The Science of Thought  


In my 10th grade health class I once did a class presentation on Inner Voices and had my brother draw some seriously creepy illustrations of who these inner voices were and how we could cope and learn to live with them. It went over really well and I think it was the art that helped convey what I was talking about. Feelings or emotions are not specifically physical objects. As a visual learner I need to see something to understand it.

Disney Pixar took this gift of memory and conceptually engineered it into a tangible thing - a functioning machine. Seeing this visualized on screen opened up my own mysteries of collective thought. I felt like I was back in my college psych class learning about the different theories of psychosis. Believing and applying these psychological concepts paints a picture for us, so we don't have to wrap out brains around the deep hidden meaning of something that doesn't physically exist. The "Train of Thought", room of "Abstract Thought" and the "Subconscious" (where the scary clown lived) are just excellent representations of theory. But seeing it with my eyes connected the dots and made a picture for me to follow and understand.

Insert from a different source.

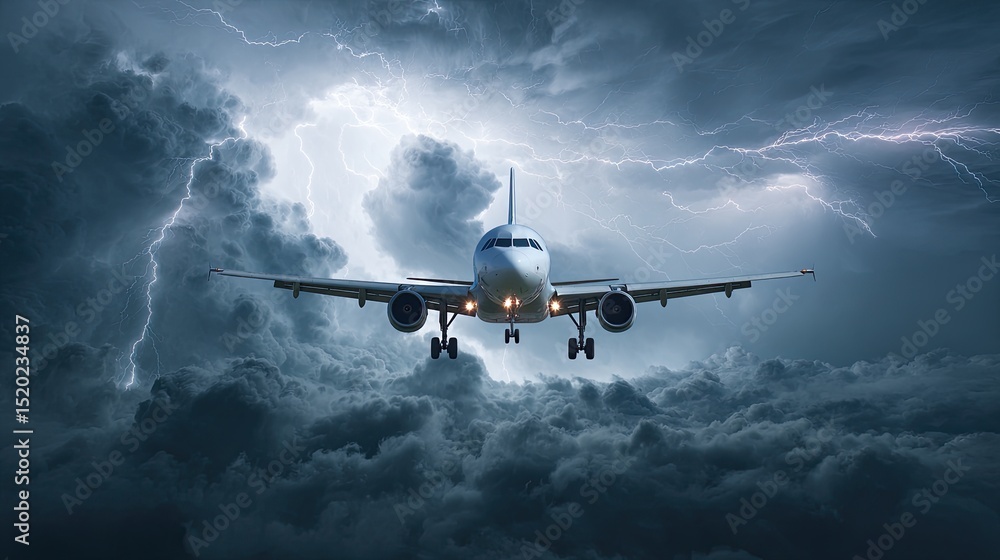 Airplane flying through dark storm clouds with lightning bolts in ...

My 11 yr. old came home and immediately started researching (she is a smarty pants) psychological theories on feelings and emotion, because she kept asking about feelings that were not represented there. We talked about different theories and I told her that not one is wrong, but should study and understand all of them, because each has something to offer. Disney Pixar did the best storytelling with five, that's good writing sense and character arc. For Disney Pixar to tackle such an out-of-the-box topic of feelings and behavior in children wrapped up in a beautifully animated movie is ground breaking.

CORE Memories


The message behind INSIDE OUT was not just "It's okay to be sad" or "Look for the positive in bad situations". What I connected to was "You have to feel SADNESS to UNDERSTAND JOY." This is a concept that several youngster do not know yet, because they haven't lived long enough to understand what a gift hindsight really is. Those are our Core Memories, the inner structure of who we are and how we got here.

Everyone has trials. Everyone goes through them. No one misses out on the things that test our strength or increase our knowledge. We all have a foundation in which we built on, becoming stronger with every trial that comes.

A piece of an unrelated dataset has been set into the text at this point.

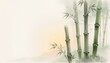 © Studio Daydream - Serene Japanese Bamboo Grove with Warm Golden Light, Large Copy Space Watercolor Background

Getting personal now, this movie has made me reflect on my own core memory strength building - my own way that I learned to understand JOY.

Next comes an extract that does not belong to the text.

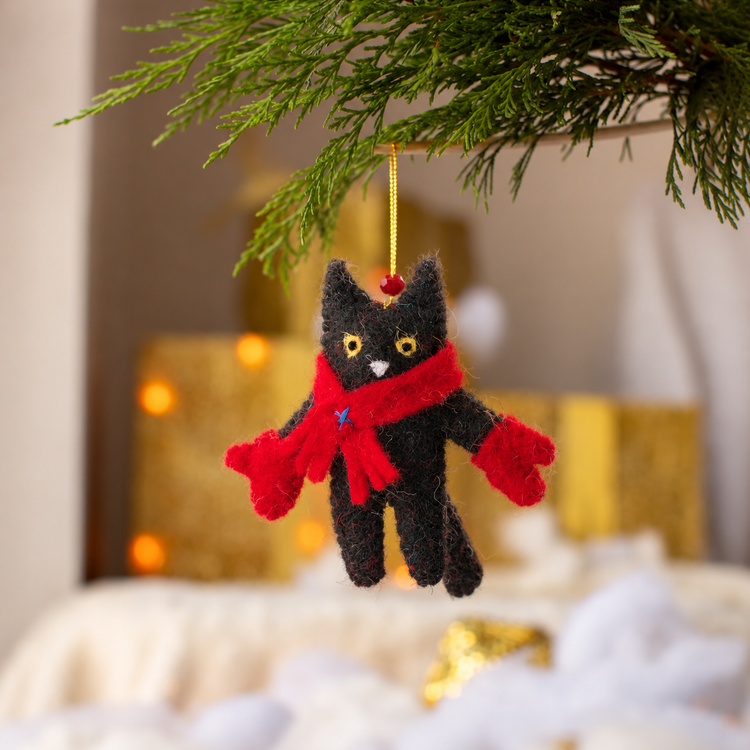 Black Kitten in Mittens Decoration Sew Heart Felt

Infertility is the hardest trial I have faced. It was a daily battle with myself. When the only thing you wanted in life was outright denied you. When others were overly blessed with children, I sat and watched and cried to myself and wondered - how is that fair?

We went through a cycle of Trying Not Trying, because every time we went through another infertility treatment I had to mentally prepare myself because of the emotional damage it caused, and every month thinking I was pregnant, absolutely - this is the one, this time it worked - to complete devastation that it didn't, I'm broken, I'm stupid for convincing myself that I was. This went on for six years.

Do I look on those years as a waste? No. Where they hard? Absolutely. Would I trade that experience? Not a chance! Many trials that define us are things that we wouldn't give up. We EARNED that badge. We earned that REWARD!

The Gift of Hindsight


This was a blessing not a curse. I could say the time prepared us, got through schooling, bought a home together, but that's not what I learned. I learned the VALUE of life, my OWN life, and a feeling of JOY that I couldn't understand until I looked at that little thing I created.

This is where the deep underlying message may get missed by the kids - they just haven't lived long enough to appreciate the blessings that come with trails. But what Pixar illustrated to theses kids is that trials will come and your feelings will learn how to deal with them. That is SO POWERFUL for them to understand. There is no easy fix when it comes to such core building problems, but the pain felt will add another brick to their foundation. You are stronger than you think you are. You can do hard things.

I wanted to thank Disney Pixar. Thank you for this beautiful example of how we function. It was pure magic imagining with you. And thank you for the insightful look at ourselves from the INSIDE OUT!

1 comment:

courtney said...

Thank you for opening up wider ideas and logics as we look deeper into this movie! It was very helpful! :)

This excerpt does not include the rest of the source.